Pink Hijab day to support Breast Cancer Awareness

Pink Hijab Day is based on a global breast cancer awareness campaign, which started in America in 1994. It only really got off the ground in South Africa when Humairah Jassat took up the project in reaction to her aunt’s cancer.

“My aunt had cancer and I could see that she was ashamed to lose her hair,” founder Humairah said in an interview. “That year four women in my community passed away because of breast cancer.”

On Pink Hijab Day, Muslim women wear a pink scarf in solidarity with breast cancer sufferers and survivors, to show support to those suffering with breast cancer globally.

Humairah created the Breast Cancer Awareness Pink Hijab Day campaign to raise awareness about breast cancer and to encourage clearer understanding of Muslim women. This has raised cancer awareness in the rural community, raised money for the Cancer Association of SA and built solidarity among people.

In 2010, at age 20, Humairah was recognised for her initiative in raising awareness about breast cancer and won the first ever South African Leadership Academy Innovation Prize.

In the first year of the project, Humairah got over 10,000 people across South Africa to wear pink scarves. “I was trying to make a selfish generation grow up,” she explained.

According to Humairah there are lots of misconceptions with regards to breast cancer, especially in the rural communities.

“Many think it is witchcraft. Many even think it’s contagious. This is the main reason why I targeted rural areas, to break this barrier down.”

She continues to explain that education is key! “Education changes mindsets and early detection definitely saves lives.”

This year Pink Hijab Day will fall on Wednesday, 28 October 2015. Humairah will join the humanitarian organisation, Purple Bandage, in Roshnee (near Vereeniging) for a high tea event. A special ladies programme will be hosted, as well as a fundraiser conducted in support of cancer awareness based NGOs.

Event goers will also be urged to make financial donations, which will be donated to the various cancer relief groups. Humairah urges participants to “renew their intentions” and encourages “donating to a cancer foundation, helping others understand Muslim women, getting screened, and participating in projects that make your community better.”

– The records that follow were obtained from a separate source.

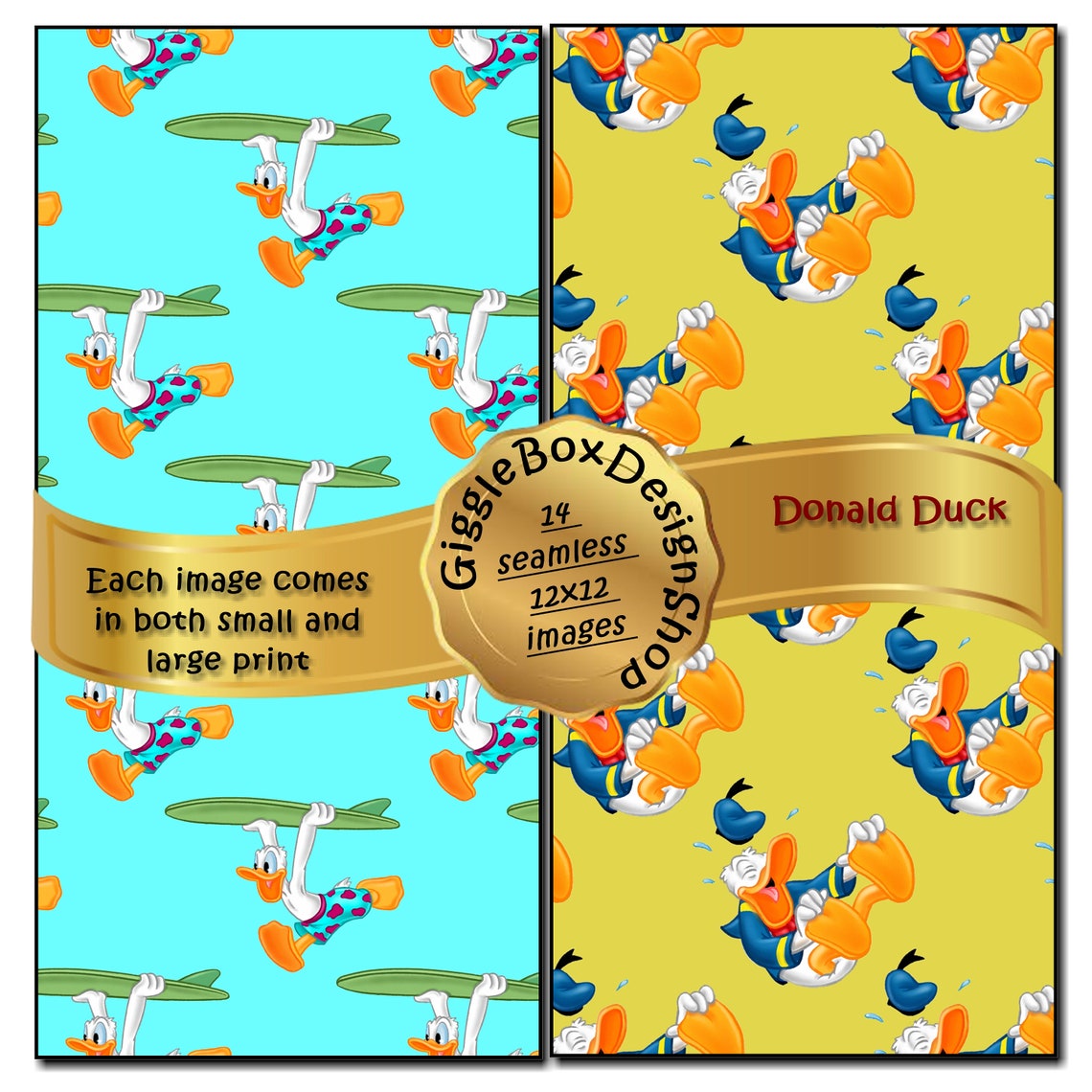 Donald Duck Seamless Party Printable Stationary Cards - Etsy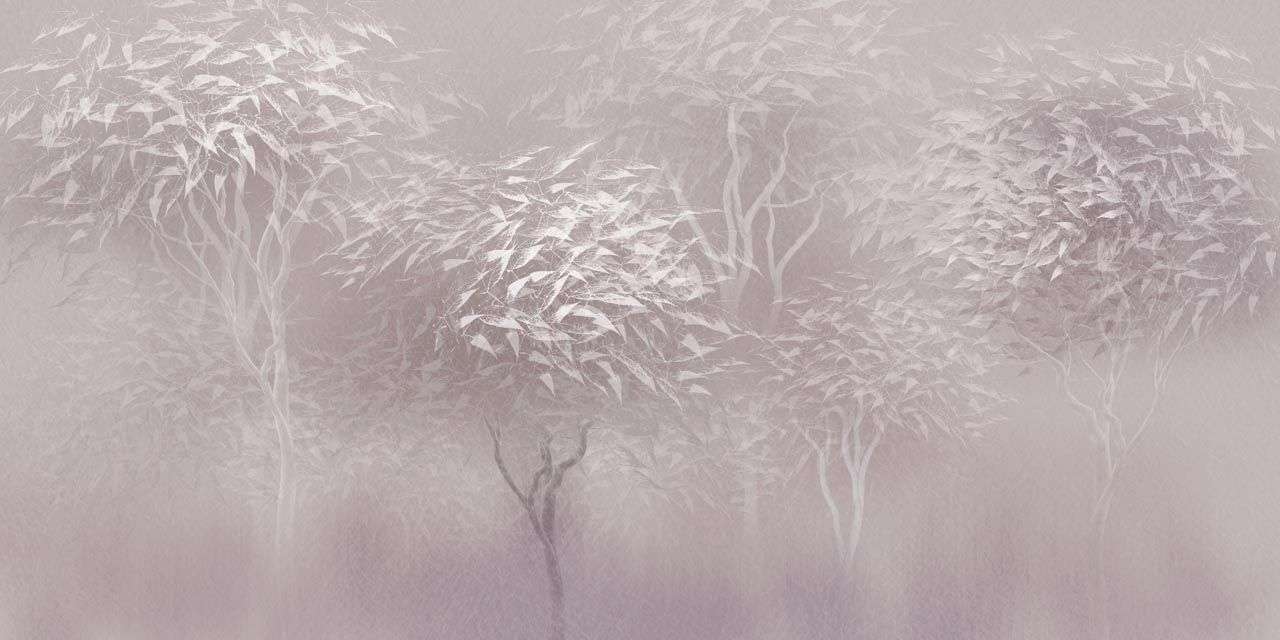 Фотообои в интерьере силуэт деревьев в тумане  13-440 фото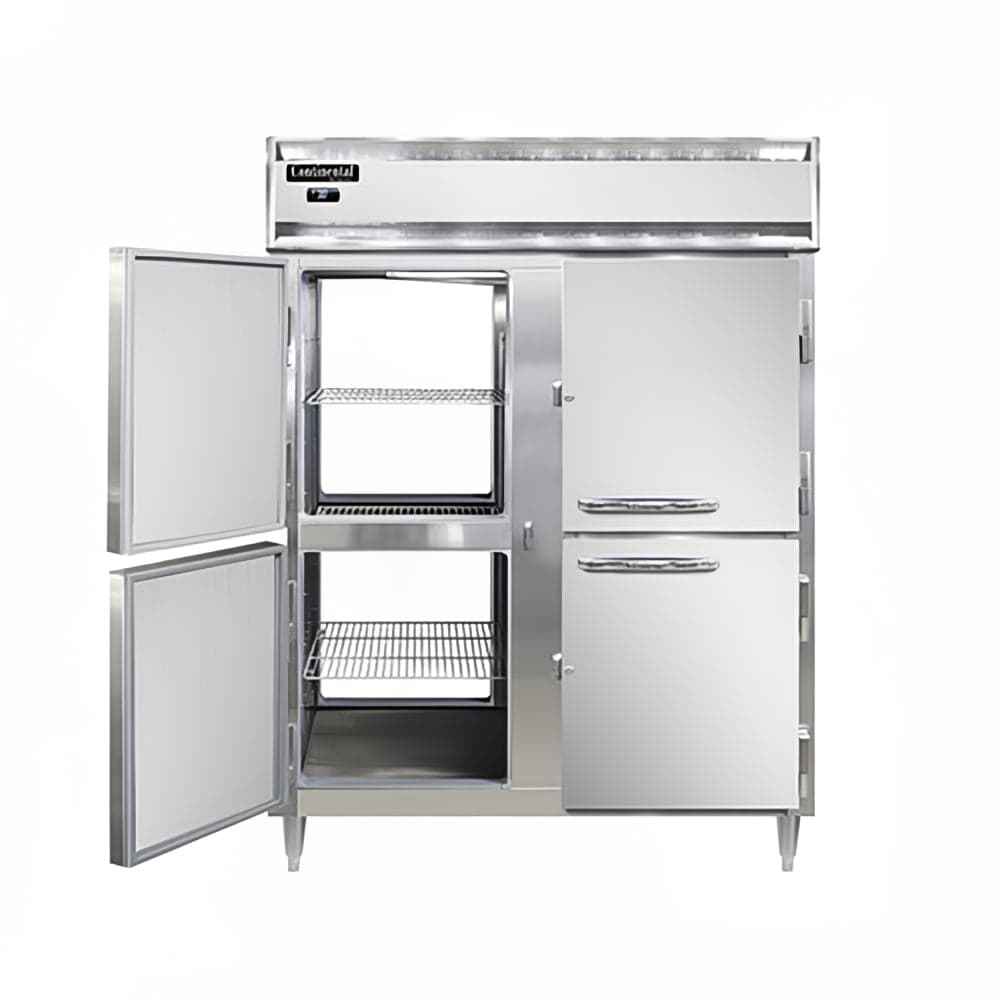 Continental D2FENSSPTHD 57" Designer Line Two Section Pass Thru Freezer, (8) Left/Right Hinge Solid Doors, 115v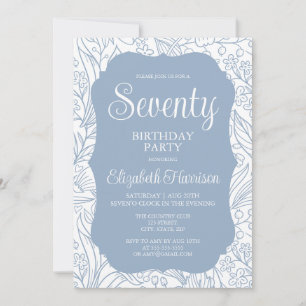 Blue Gray Flora Woman 70th Birthday Party Invitation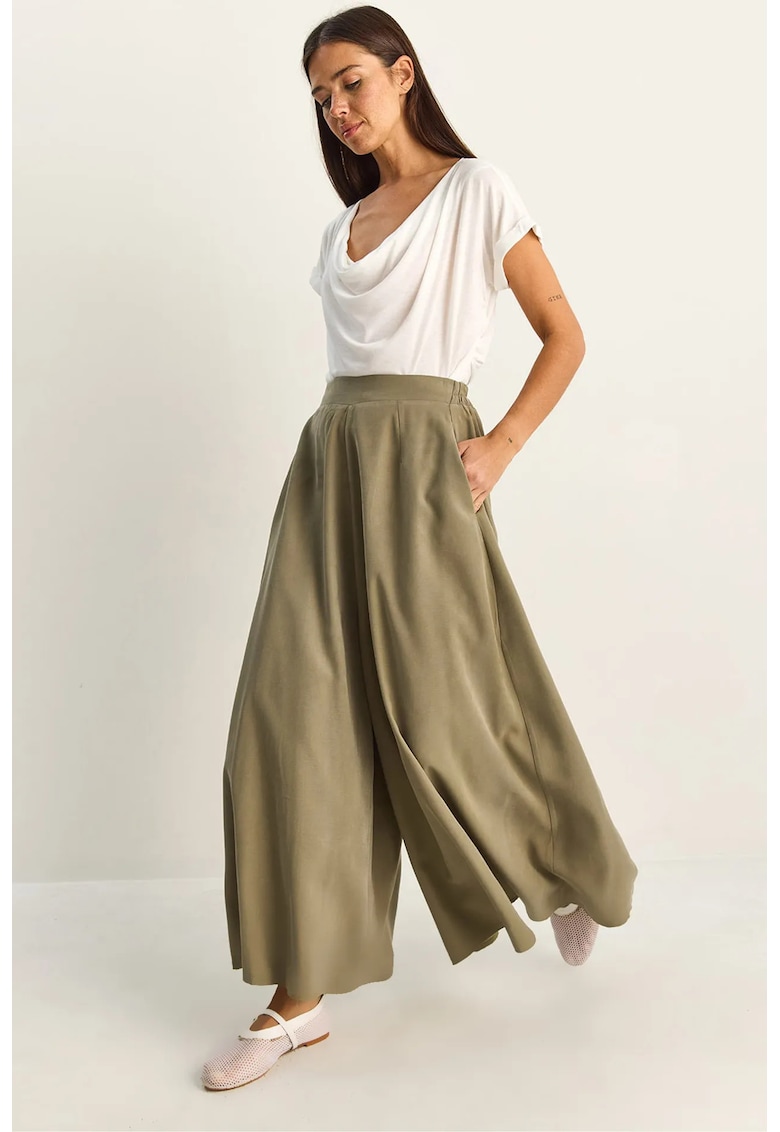 Pantaloni dama - talie inalta - picior larg - verde pin - 85% modal - 15% poliester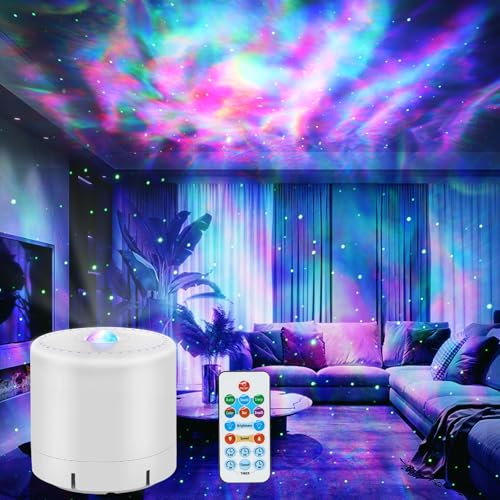 HERHOTER 3in Galaxy Star Projector with Timer & Remote for Bedroom & Party Decor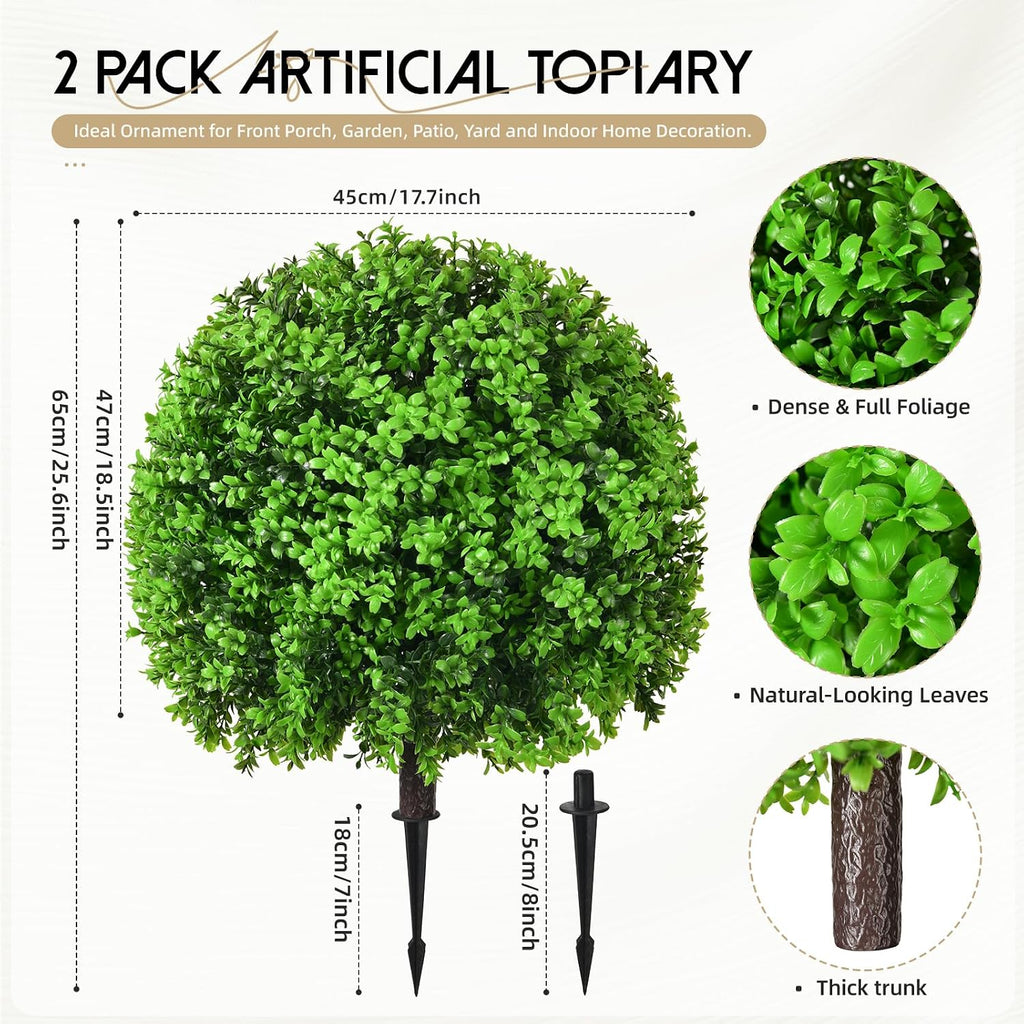 Artificial Topiary Ball Trees, Green-Boxwood, 2 Pack, 25.6 Inch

Those seeking to get involved in raising awareness via social media can do so via the hashtag #pinkhijabday and #humairahjassat. For more information on the Pink Hijab Day initiative, contact Humairah Jassat at 072 861 7614. Humairah still regularly visits government hospitals,with or without other volunteers, donating scarves and trying to lift cancer survivors’ spirits with a cupcake and a smile.

Her message to women from all walks of life is: Don’t be afraid – breast cancer is just a word, not a death sentence. Don’t wait before it’s too late – value the life God has given you by doing your daily checks!”Humairah recently lost a very close and dear family member due to metastatic breast cancer.

This article is dedicated to and written in memory of her – Shaida banu Mohamed.